What is required:
Only some lines are wanted. Transcribe, exactly, the lines below from the line with "Salvini a Verona" up to and including the line with "BIG ELEPHANT 10-Pcs".

....................

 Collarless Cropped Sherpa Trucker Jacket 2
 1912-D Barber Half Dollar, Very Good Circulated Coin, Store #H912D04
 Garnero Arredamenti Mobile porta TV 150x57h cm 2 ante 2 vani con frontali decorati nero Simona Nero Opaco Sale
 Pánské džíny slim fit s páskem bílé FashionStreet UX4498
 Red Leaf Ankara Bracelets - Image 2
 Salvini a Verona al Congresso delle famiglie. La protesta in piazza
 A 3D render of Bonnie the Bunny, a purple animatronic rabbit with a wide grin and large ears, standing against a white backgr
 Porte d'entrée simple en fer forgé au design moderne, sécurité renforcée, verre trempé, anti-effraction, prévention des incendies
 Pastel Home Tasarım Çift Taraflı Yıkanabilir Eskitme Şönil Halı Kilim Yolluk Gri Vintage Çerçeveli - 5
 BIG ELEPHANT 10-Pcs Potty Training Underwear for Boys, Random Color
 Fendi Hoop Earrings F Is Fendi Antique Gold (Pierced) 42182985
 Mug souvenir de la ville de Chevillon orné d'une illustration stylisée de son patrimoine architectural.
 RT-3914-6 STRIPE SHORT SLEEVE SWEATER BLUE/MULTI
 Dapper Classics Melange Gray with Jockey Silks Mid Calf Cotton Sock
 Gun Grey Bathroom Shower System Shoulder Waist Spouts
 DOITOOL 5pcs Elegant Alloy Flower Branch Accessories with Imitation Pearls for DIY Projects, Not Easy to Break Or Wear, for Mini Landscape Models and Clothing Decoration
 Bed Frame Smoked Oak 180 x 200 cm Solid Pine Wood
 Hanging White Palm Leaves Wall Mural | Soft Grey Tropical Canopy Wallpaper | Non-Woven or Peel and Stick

....................

Finished task:
 Salvini a Verona al Congresso delle famiglie. La protesta in piazza
 A 3D render of Bonnie the Bunny, a purple animatronic rabbit with a wide grin and large ears, standing against a white backgr
 Porte d'entrée simple en fer forgé au design moderne, sécurité renforcée, verre trempé, anti-effraction, prévention des incendies
 Pastel Home Tasarım Çift Taraflı Yıkanabilir Eskitme Şönil Halı Kilim Yolluk Gri Vintage Çerçeveli - 5
 BIG ELEPHANT 10-Pcs Potty Training Underwear for Boys, Random Color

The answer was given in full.